▶ _INSTRUCTIONS TO FOLLOW_
Copy all the data exactly, except the pictures.

------------------------------------------------------------

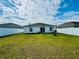 Spacious backyard features a large grassy area, privacy fence, and potential for outdoor enjoyment at 417 Patricia Alford Dr, Haines City, FL 33844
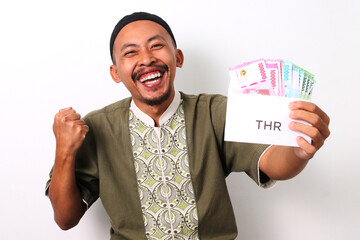 An excited Indonesian Muslim man in koko and peci holds a white envelope labeled THR, filled with money, representing his Religious Holiday Allowance. Isolated on a white background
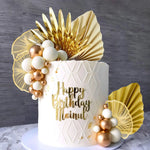 décoration gâteau moderne feuilles dorées boules blanches dorées numéros brillants mariage anniversaire fête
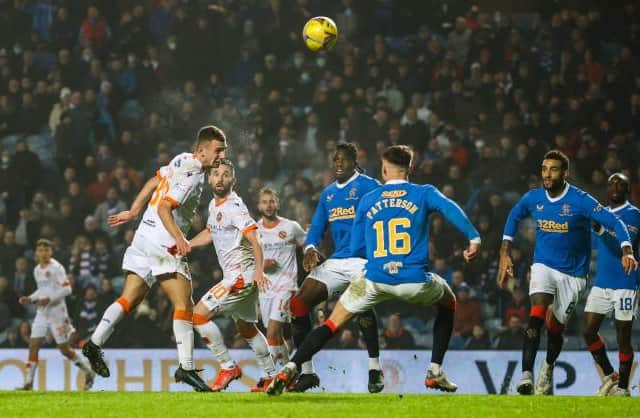Darren Watson comes close to a dramatic late equaliser for Dundee United at Ibrox with this header which struck the crossbar. (Photo by Alan Harvey / SNS Group)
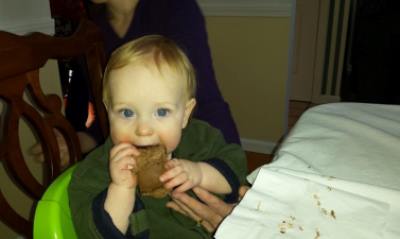 My son Reid, two-fisting his 1st Birthday cake like a champ.
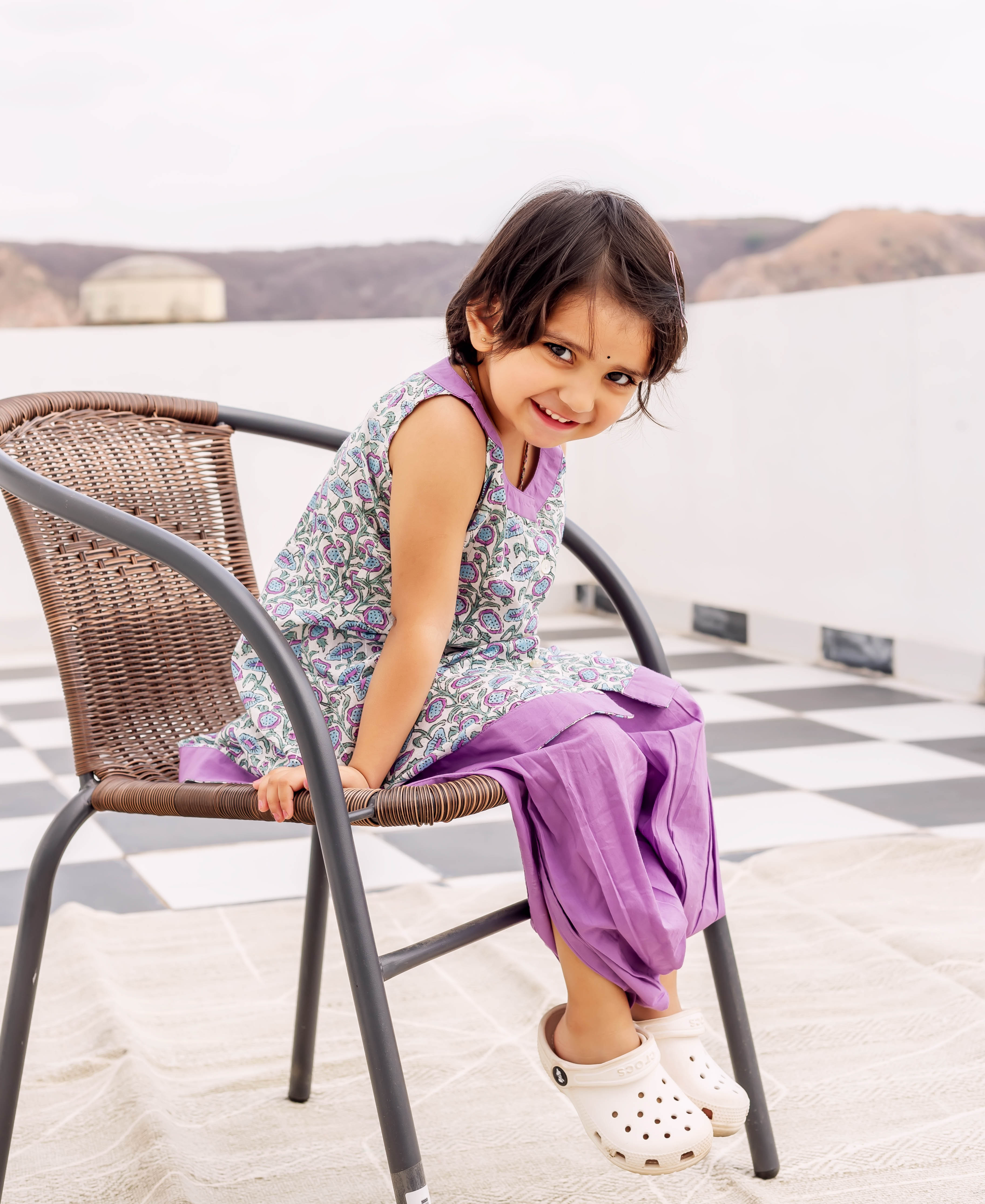 Smiling child wearing purple and floral hand block printed cotton kurta with matching dhoti.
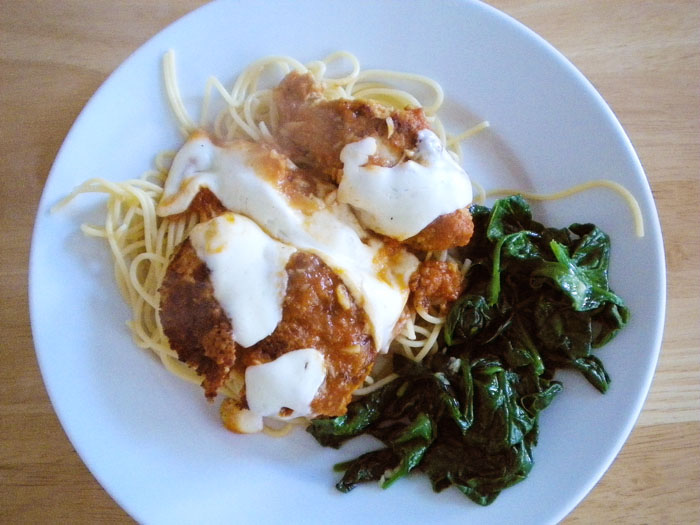 Chicken parmesan with sauteed spinach.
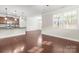 Open-concept living space with hardwood floors, kitchen bar, and ample natural light at 2479 Seagull Dr, Denver, NC 28037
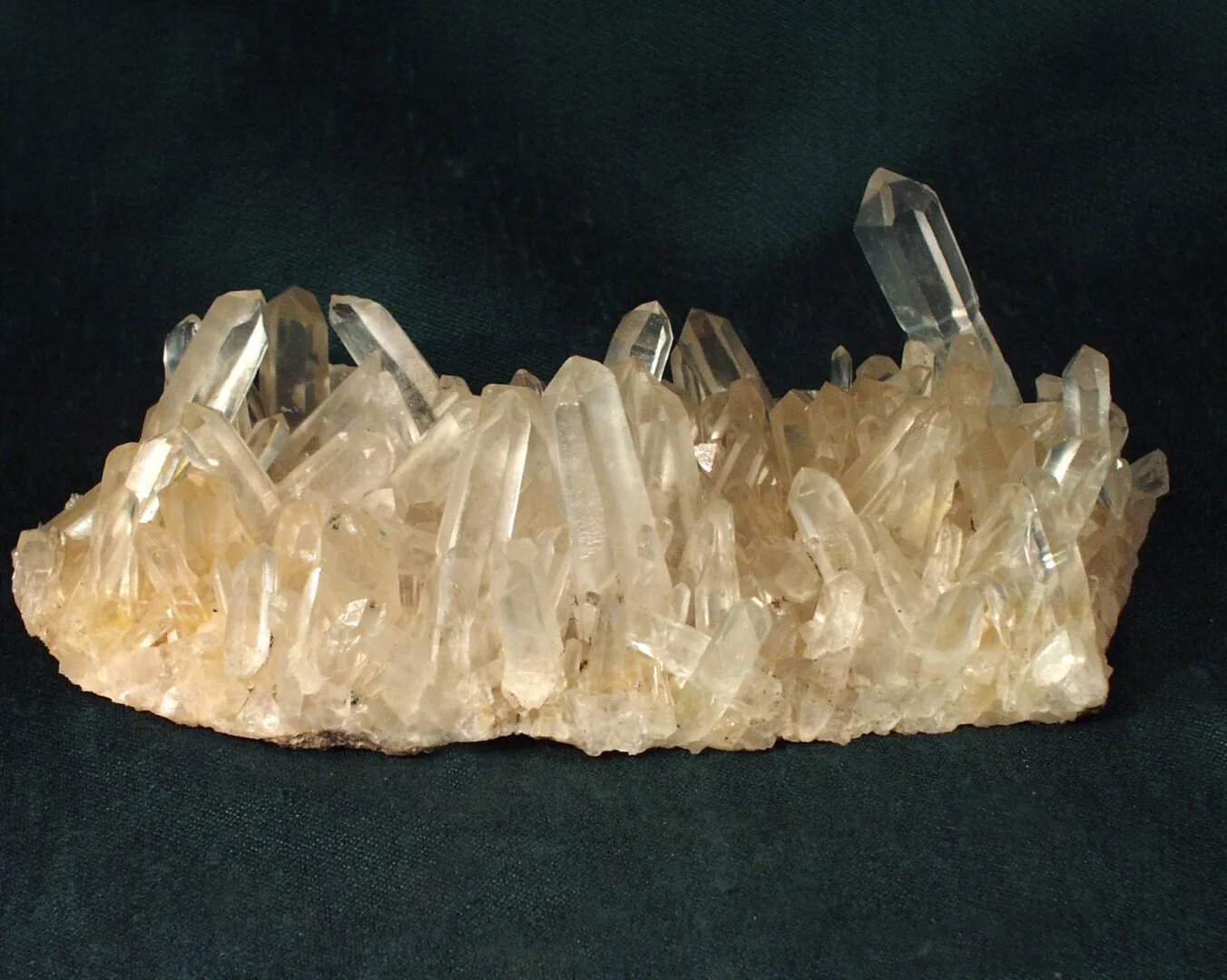 Quartz crystal cluster showing elongated, prismatic crystals with translucent to milky coloration and pointed tips.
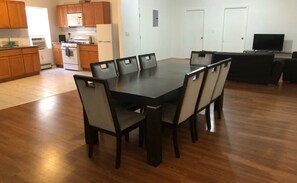 A modern kitchen with wooden cabinets, a dining table with chairs, and a flat-screen TV.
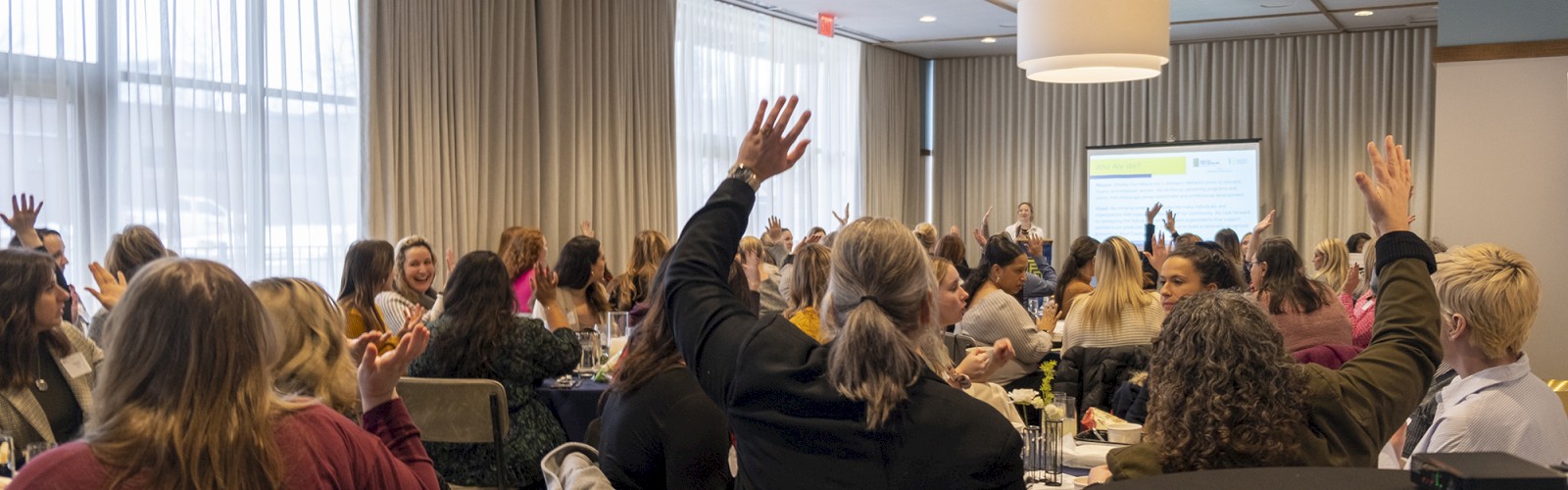 A group of people are seated in a conference room, some with their hands raised, while a speaker presents in front, near a projection screen.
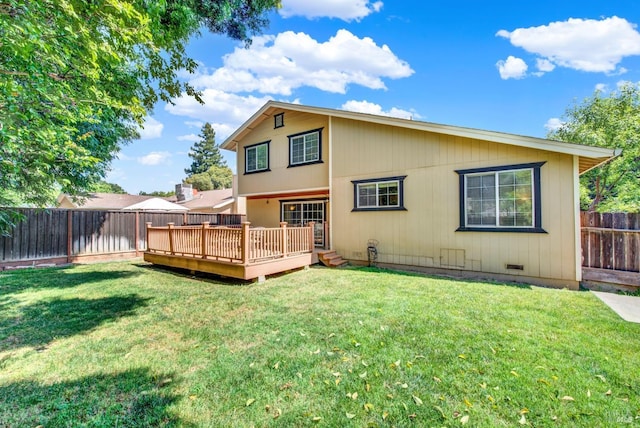 back of property with a fenced backyard, a wooden deck, and a yard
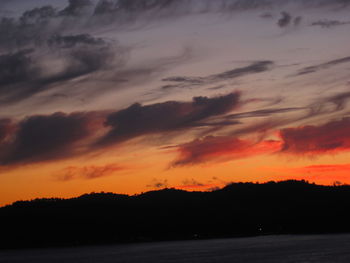 Scenic view of sea against dramatic sky during sunset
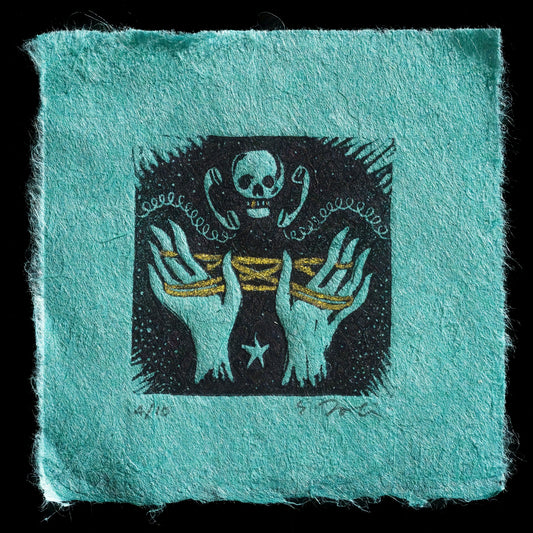 This captivating print, "Party Line," by artist Stacie Dolin, showcases a unique blend of linocut techniques with a striking color palette.

**Key Features:**

* A skull with headphones
* Two hands tied together, symbolizing connection and unity

**Color Scheme:**
The print features a harmonious combination of turquoise, black, gold, and white hues.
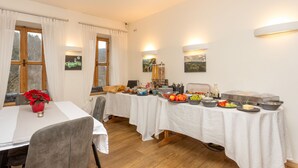 A dining area with a buffet setup, including various food items and condiments. - Penzion Quest Loket (Loket)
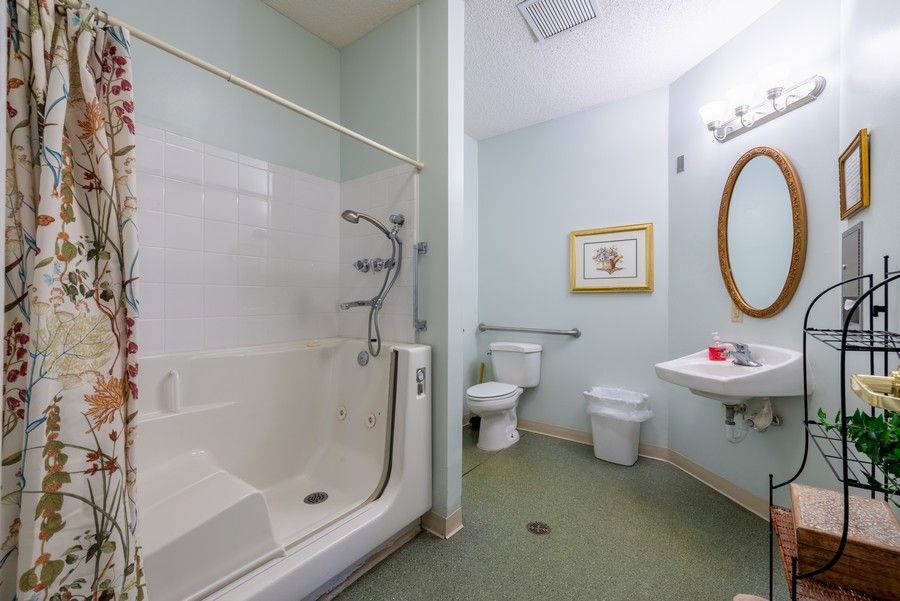 A clean and accessible bathroom with a shower, toilet, and sink.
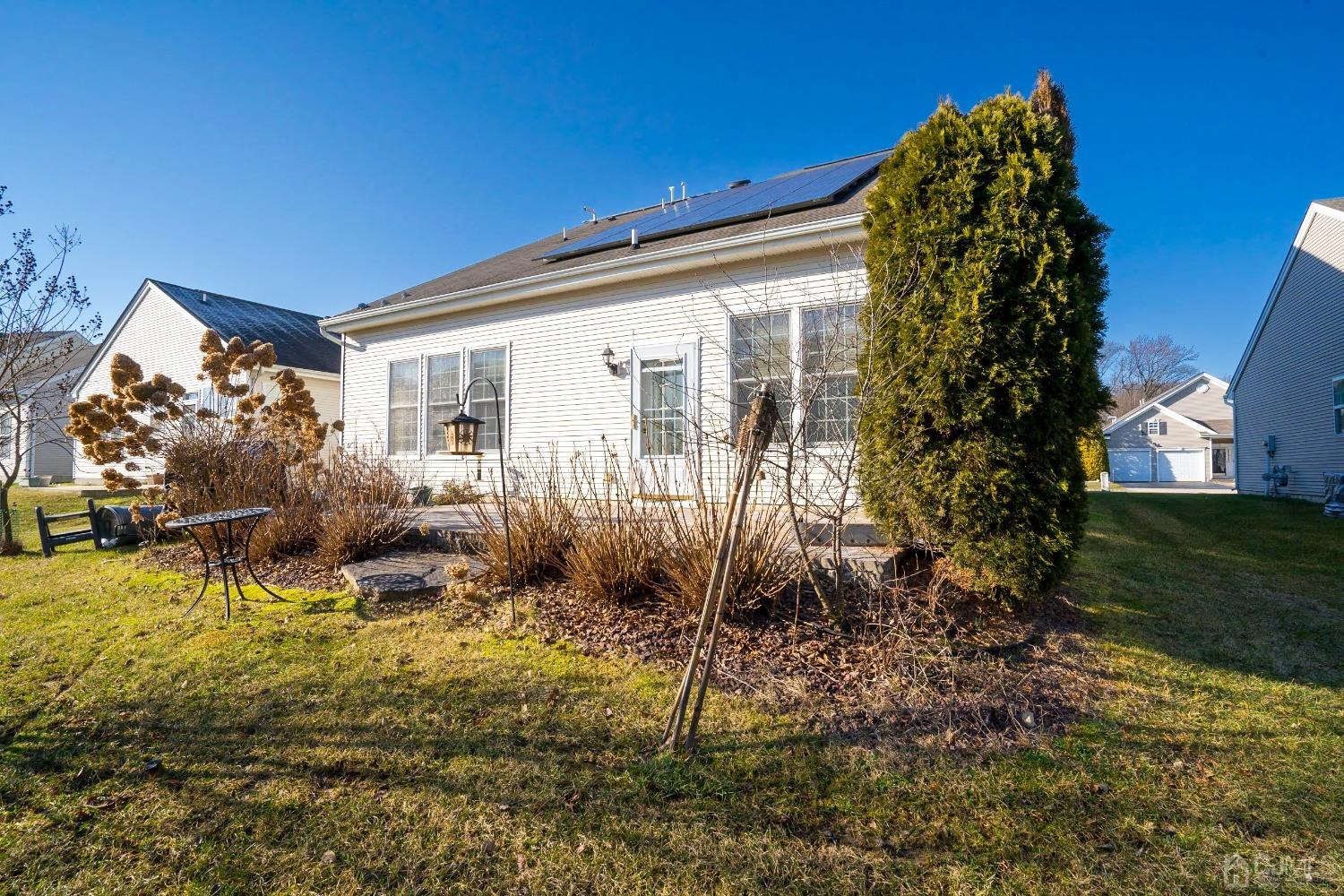 7 Stony Path Dayton, NJ 08810 - Photo 32 of 33 a view of a house with backyard and sitting area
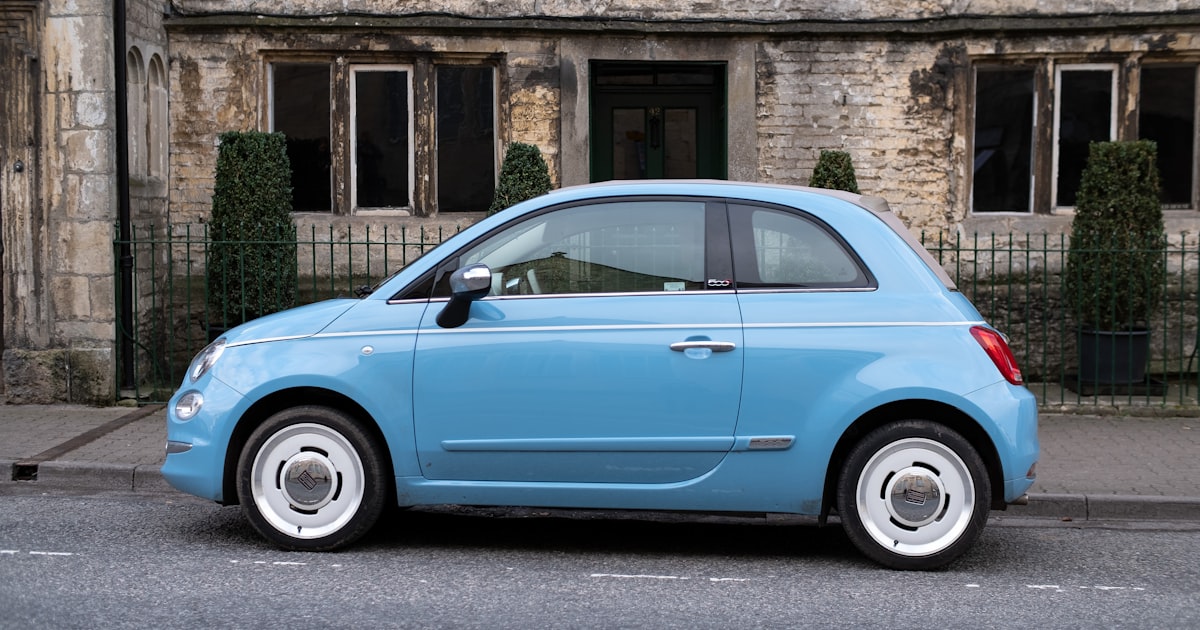 Car dashboard view while driving on road in India, dash cam perspective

------------------------------------------------------------

▶ _TASK ANSWER_
 Spacious backyard features a large grassy area, privacy fence, and potential for outdoor enjoyment at 417 Patricia Alford Dr, Haines City, FL 33844
 An excited Indonesian Muslim man in koko and peci holds a white envelope labeled THR, filled with money, representing his Religious Holiday Allowance. Isolated on a white background
 décoration gâteau moderne feuilles dorées boules blanches dorées numéros brillants mariage anniversaire fête
Darren Watson comes close to a dramatic late equaliser for Dundee United at Ibrox with this header which struck the crossbar. (Photo by Alan Harvey / SNS Group)
 My son Reid, two-fisting his 1st Birthday cake like a champ.
 Smiling child wearing purple and floral hand block printed cotton kurta with matching dhoti.
 Chicken parmesan with sauteed spinach.
 Open-concept living space with hardwood floors, kitchen bar, and ample natural light at 2479 Seagull Dr, Denver, NC 28037
 Quartz crystal cluster showing elongated, prismatic crystals with translucent to milky coloration and pointed tips.
 A modern kitchen with wooden cabinets, a dining table with chairs, and a flat-screen TV.
 A group of people are seated in a conference room, some with their hands raised, while a speaker presents in front, near a projection screen.
 back of property with a fenced backyard, a wooden deck, and a yard
 Scenic view of sea against dramatic sky during sunset
 This captivating print, "Party Line," by artist Stacie Dolin, showcases a unique blend of linocut techniques with a striking color palette.

**Key Features:**

* A skull with headphones
* Two hands tied together, symbolizing connection and unity

**Color Scheme:**
The print features a harmonious combination of turquoise, black, gold, and white hues.
 A dining area with a buffet setup, including various food items and condiments. - Penzion Quest Loket (Loket)
 A clean and accessible bathroom with a shower, toilet, and sink.
 7 Stony Path Dayton, NJ 08810 - Photo 32 of 33 a view of a house with backyard and sitting area
 Car dashboard view while driving on road in India, dash cam perspective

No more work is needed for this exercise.